Но Ольхов так заливисто, с присвистом, храпит, что сомневаться не приходится.
— Он всегда быстро засыпает, как услышит, что нужно произвести выдачу из ваших запасов, — охотно поясняет Богуш.
— А ты хочешь, чтобы я всё роздал? — неожиданно подает голос Ольхов. — И так командир только после сна папиросы курит, а в остальное время махорку смолит.
— Брось, Ольхов, — перебивает его Норкин. — Дай штучку.
— Не дам! Сказал — не дам, и точка! — не сдается Ольхов и решительно подтягивает к себе вещевой мешок. — Вы лучше умойтесь да поешьте. Вот полотенце, мыло.
— А где вода для умывания? — спрашивает Никишин.
— Без указчиков! Давно вон под тем кустом стоит, — сказав это, Ольхов подсовывает себе под голову вещевой мешок и укладывается снова, но в это время Богуш испуганно спрашивает:
— Разве ты ее для умывания принес? А я-то, дурень, думал, что ты обо мне позаботился, и в суп ее вылил!
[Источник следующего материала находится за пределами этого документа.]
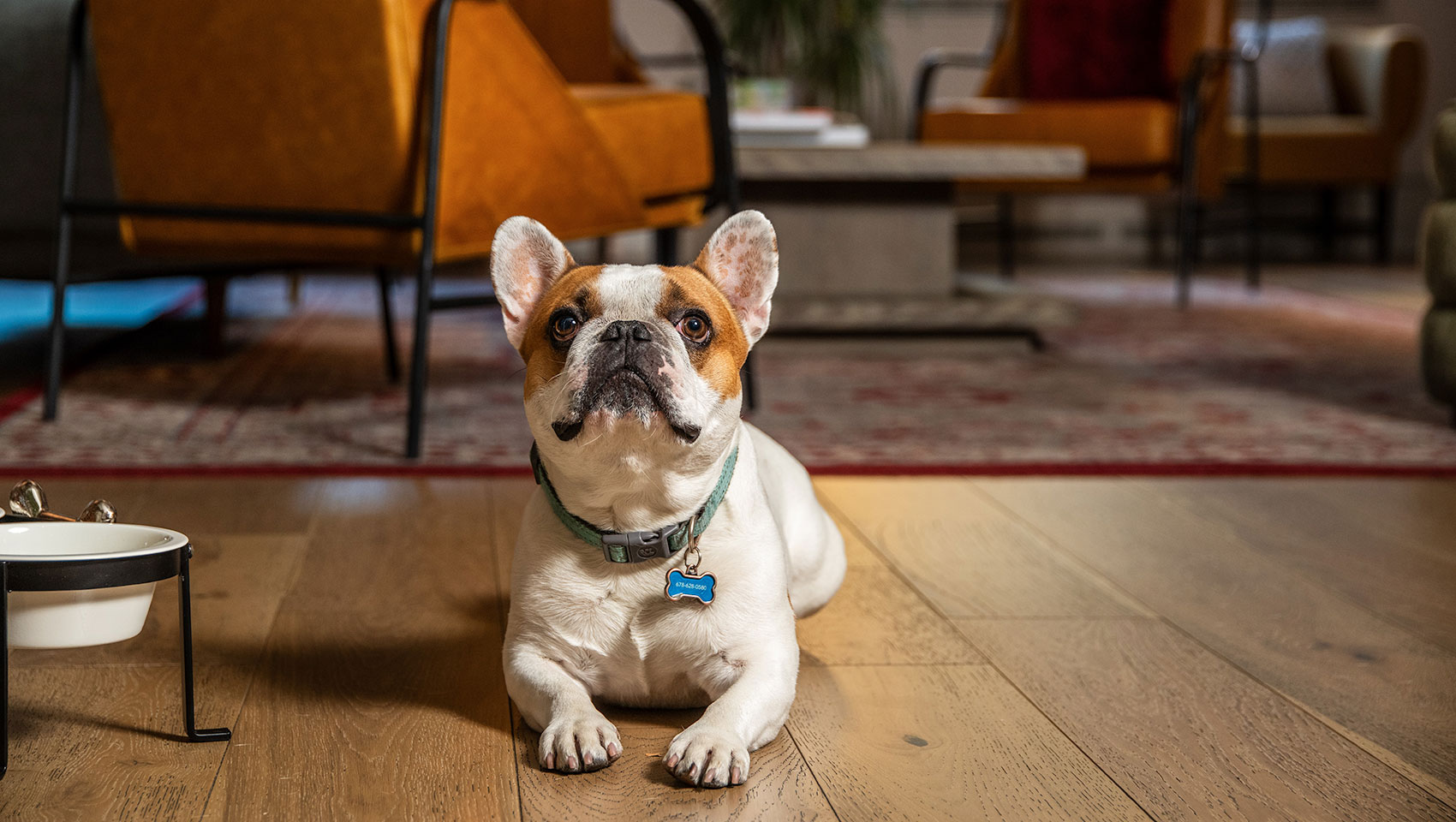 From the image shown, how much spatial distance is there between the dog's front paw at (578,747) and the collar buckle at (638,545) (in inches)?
4.7

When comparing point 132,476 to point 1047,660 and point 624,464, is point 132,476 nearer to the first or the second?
point 624,464

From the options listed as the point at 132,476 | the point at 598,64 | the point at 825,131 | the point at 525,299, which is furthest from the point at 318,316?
the point at 525,299

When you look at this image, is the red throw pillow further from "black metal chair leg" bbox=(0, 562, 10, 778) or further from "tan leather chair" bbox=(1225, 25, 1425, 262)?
"black metal chair leg" bbox=(0, 562, 10, 778)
На лице Богуша такое искреннее отчаяние, что матросы не выдерживают и хохочут. Только Ольхов молча вскакивает на ноги, хватает котелок, перевертывает его над головой Богуша и бежит к ручью, который тихонько журчит в овраге, спрятавшись за плотной стеной кустов.
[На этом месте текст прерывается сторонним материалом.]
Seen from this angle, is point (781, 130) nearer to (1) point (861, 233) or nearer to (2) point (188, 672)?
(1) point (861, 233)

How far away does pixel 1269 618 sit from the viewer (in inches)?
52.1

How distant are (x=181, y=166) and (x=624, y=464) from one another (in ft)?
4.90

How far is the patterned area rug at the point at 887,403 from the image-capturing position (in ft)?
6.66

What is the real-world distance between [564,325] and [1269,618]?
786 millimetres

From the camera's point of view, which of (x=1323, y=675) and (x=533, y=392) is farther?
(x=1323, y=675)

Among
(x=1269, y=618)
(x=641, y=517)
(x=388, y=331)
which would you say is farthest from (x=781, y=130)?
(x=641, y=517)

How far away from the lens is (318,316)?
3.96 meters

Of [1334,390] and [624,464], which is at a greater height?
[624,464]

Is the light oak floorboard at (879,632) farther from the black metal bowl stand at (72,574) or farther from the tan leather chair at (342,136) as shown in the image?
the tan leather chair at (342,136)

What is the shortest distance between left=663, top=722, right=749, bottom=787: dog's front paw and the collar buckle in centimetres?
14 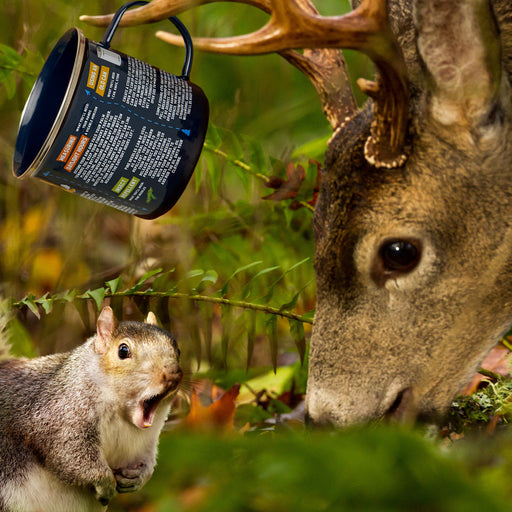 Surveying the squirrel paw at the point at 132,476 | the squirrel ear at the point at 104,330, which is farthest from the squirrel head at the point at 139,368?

Хохот разбудил всех, но никто не ворчит, не ругается, и шутки в адрес Ольхова и Богуша сыплются со всех сторон.
— Командиров рот и взводов к комбату! — крикнул рассыльный, пробегая мимо.
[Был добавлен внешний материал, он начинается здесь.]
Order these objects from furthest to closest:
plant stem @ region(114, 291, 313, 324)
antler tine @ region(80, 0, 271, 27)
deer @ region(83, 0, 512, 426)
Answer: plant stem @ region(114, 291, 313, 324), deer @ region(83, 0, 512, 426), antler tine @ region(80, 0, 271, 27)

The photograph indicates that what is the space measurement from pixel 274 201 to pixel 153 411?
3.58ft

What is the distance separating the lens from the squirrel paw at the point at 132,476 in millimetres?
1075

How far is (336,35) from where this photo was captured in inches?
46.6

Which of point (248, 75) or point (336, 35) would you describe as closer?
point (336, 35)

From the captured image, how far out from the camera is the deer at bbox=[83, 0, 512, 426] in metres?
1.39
Норкин быстро оделся и сунул пистолет в кобуру.
— А обедать? — спросил Богуш.
— Потом, Борис Михайлович, потом! — отмахнулся от него Норкин и, придерживая пистолет, побежал к Кулакову.
— И всегда так! Другие командиры и поспать, и поесть успеют, а нашему всё некогда! — не вытерпел Никишин.
— Давайте меняться? — предложил Донцов. — У нас Чигарев беда спокойный. Лишнего шагу не ступит… Сегодня началась стрельба, а он сидит в шалашике и морщится.
— Вы, балалайки! Меняй пластинку! — прикрикнул главстаршина Ксенофонтов. — Наш лейтенант правильно действует, и нечего ему косточки перемывать. Он бегает, о нас заботится, а мы порой на него же и шипим…
— Ну, этого у нас не бывало! — возмутился Богуш.
— А когда он нас заставил перекрытия в окопах делать? Ты первый шум поднял, — а что потом вышло? Налетели самолеты, начали строчить—мы под перекрытие! Другие по окопу мечутся, а мы сидим, покуриваем… Ни одного раненого!
— Хватит, главный, агитировать! — перебил его Никишин. — Языком мы немного того, а меняться не будем.
— Нема дурных, — охотно поддержал его Любченко. Ксенофонтов и не собирался агитировать. Старый матрос, прослуживший во флоте четырнадцать лет, он чувствовал, что между матросами и лейтенантом давно установились хорошие, дружеские взаимоотношения. Командир заботился о матросах, отдавал им свое свободное время, и они полюбили его, старались вернуть ему все сторицею. Взять хотя бы теперешнюю жизнь. Лейтенант стал командиром взвода, ему полагается только связной, но по молчаливому уговору Ольхов стал смотреть за имуществом лейтенанта, Богуш — готовить обеды, Любченко — носить запасные автоматные диски, а Никишин был кем-то средним между вторым связным и телохранителем. А ведь матросы такой народ, что их угодничать никаким приказом не заставишь.
Даже спать взвод ложился вокруг своего командира.
— Вы теперь иголка, а мы — нитка, — сказал однажды Никишин, когда Норкин спросил его, почему матросы не отстают от него ни на шаг. — Теперь мы до смерти или победы связаны.